Bacurau (2019) de Kleber Mendonça Filho e Juliano Dornelles
“Daqui alguns anos…” Esse é o letreiro que aparece no canto da tela enquanto vemos uma caminhonete que transporta água a toda velocidade em uma estrada de terra que leva ao pequeno povoado de Bacurau (nome de uma ave típica dessa região nordestina). Logo em seguida, a caminhonete passa por um caminhão tombado com vários caixões no chão, os quais são destruídos enquanto o veículo passa.
Esses são um dos vários momentos estranhos e metafóricos que os diretores Kleber Mendonça Filho e Juliano Dorneles nos convidam a assistir em sua nova obra cinematográfica (a terceira de Mendonça e a primeira de Dorneles, sendo este parceiro de Kleber no designer de produção do longa Aquarius). Bacurau vai construindo progressivamente suas alegorias através de sua narrativa que dialoga com vários gêneros. E como todo bom filme, inúmeros elementos vão dando ao espectador momentos para reflexão, porém, o discurso da dupla é claro e vai se revelando de maneira impactante. “Daqui alguns anos…” não necessariamente aponta para o futuro no nosso país, mas retrata o presente ou melhor, toda nossa história.
O povoado é um microcosmo do Brasil, mais precisamente da região Nordeste, que vive o luto de perder dona Carmelita (Lia de Itamaracá), uma ilustre moradora querida por todos. Em seu velório todos do povoado se fazem presente, incluindo a visita de parentes distantes, como por exemplo Teresa (Barbara Colen), neta de Carmelita que retorna ao povoado trazendo medicamentos para região. Mas é depois de seu enterro que a pacata cidade começa a passar por estranhos acontecimentos, sendo o principal deles o desaparecimento da comunidade do mapa.
Paulatinamente a narrativa vai apresentando suas facetas. Aos poucos Bacurau começa sofrer ataques de um inimigo que demora a se mostrar, mas que os ronda. Muita dessa tensão é auxiliada pela trilha sonora de um violeiro e pelos sintetizadores inquietantes de John Carpenter. E quando o inimigo se revela, nós os reconhecemos.
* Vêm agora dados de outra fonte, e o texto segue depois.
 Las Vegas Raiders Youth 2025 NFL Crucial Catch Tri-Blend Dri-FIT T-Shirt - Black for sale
Não há alegoria mais direta e representativa aos momentos do país que os antagonistas apresentados no filme. Os diretores fazem uma crítica ferrenha ao sul/sudeste do Brasil, à política e à presença norte americana no país.
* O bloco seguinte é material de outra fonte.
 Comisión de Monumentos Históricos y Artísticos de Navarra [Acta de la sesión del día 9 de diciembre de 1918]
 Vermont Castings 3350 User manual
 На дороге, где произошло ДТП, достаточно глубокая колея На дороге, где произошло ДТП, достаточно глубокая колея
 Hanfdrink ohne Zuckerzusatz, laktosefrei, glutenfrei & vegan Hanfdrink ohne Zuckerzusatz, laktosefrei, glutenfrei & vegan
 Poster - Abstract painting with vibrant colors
É interessante perceber que Mendonça continua trabalhando os elementos de sua filmografia: percebemos isso através dos vários núcleos de personagens, assim como em O Som ao Redor e a preservação da memória e a resistência histórica como em Aquarius. Contudo aqui a dupla vai muito mais além. A película mistura diversos gêneros como os de faroeste, evocando o sertão do Cinema Novo (influenciado por Glauber Rocha), uma ficção científica, com aparições de drones em formato de OVNI, thrillers e violência verborrágica (que remete inclusive ao próprio Carpenter). Entretanto, por mais estranho que possa ser o contraste inicial do sertão nordestino com todos esses gêneros, a narrativa encontra uma maneira orgânica para transitar nessa diversidade. Ajudada pela excelente fotografia de Pedro Sotero (parceiro de longa data dos diretores) que consegue entregar desde paisagens lindas a planos mais fechados, além dos zoons in, característicos na filmografia de Kleber.
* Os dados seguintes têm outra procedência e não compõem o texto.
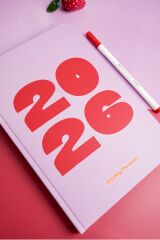 Matt Notebook 2026 Yılı B5 Haftalık Ajanda 17x24 cm - 12 Aylık Lila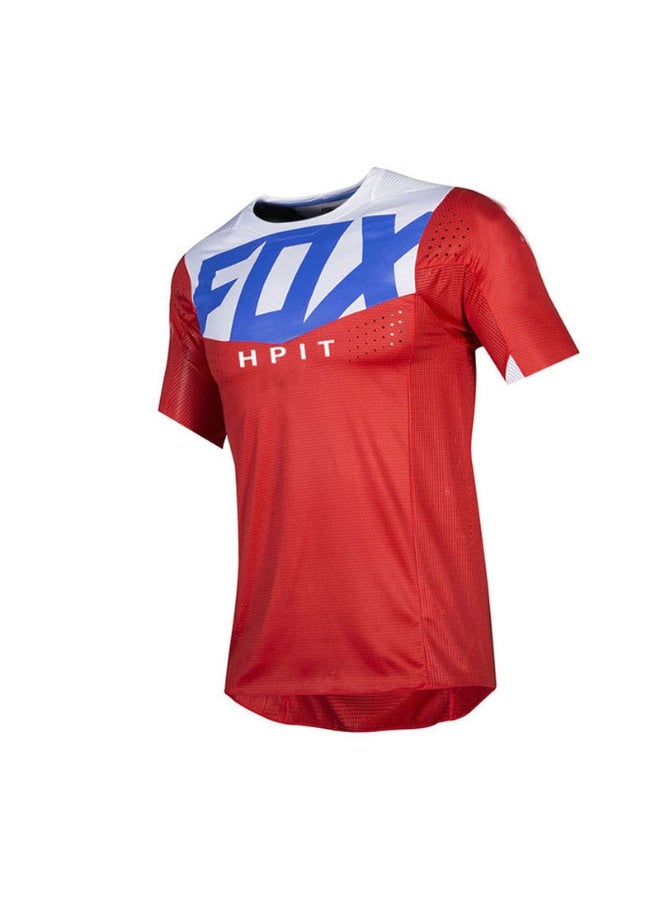 Fox Men's Outdoor Cycling Suit Off-road Road Mountain Bike Cycling Tops - Image 1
Filme essencialmente de resistência, Bacurau ora é representado pela própria comunidade, ora representado por Lunga (Silveiro Perreira), um guerrilheiro filho daquela terra. Outra personagem que vale a pena ressaltar é a médica Domingas (Sônia Braga em mais uma ótima atuação), que além de seu temperamento forte, é bem direta quando explica à comunidade que o resto do país é drogado por um forte inibidor de humor em forma de supositório, crítica nada sutil ao momento vivido em nosso país. O terceiro ato confirma essa resistência evidenciando uma violência crua à la Tarantino/Carpenter. Se o antagonista liderado por Michael (Udo Kier) nos chama de selvagens. Bacurau responde utilizando da mesma violência como resposta. Um grito que nos diz que não vamos ser extintos sem lutar!
Bacurau é um filme com o DNA brasileiro mais pulsante possível. Seu reconhecimento em Cannes e ao redor do mundo mostra a força que nosso cinema e arte sempre teve, tem e para sempre terá. Um grito de uma ave que se recusa a ser esquecida.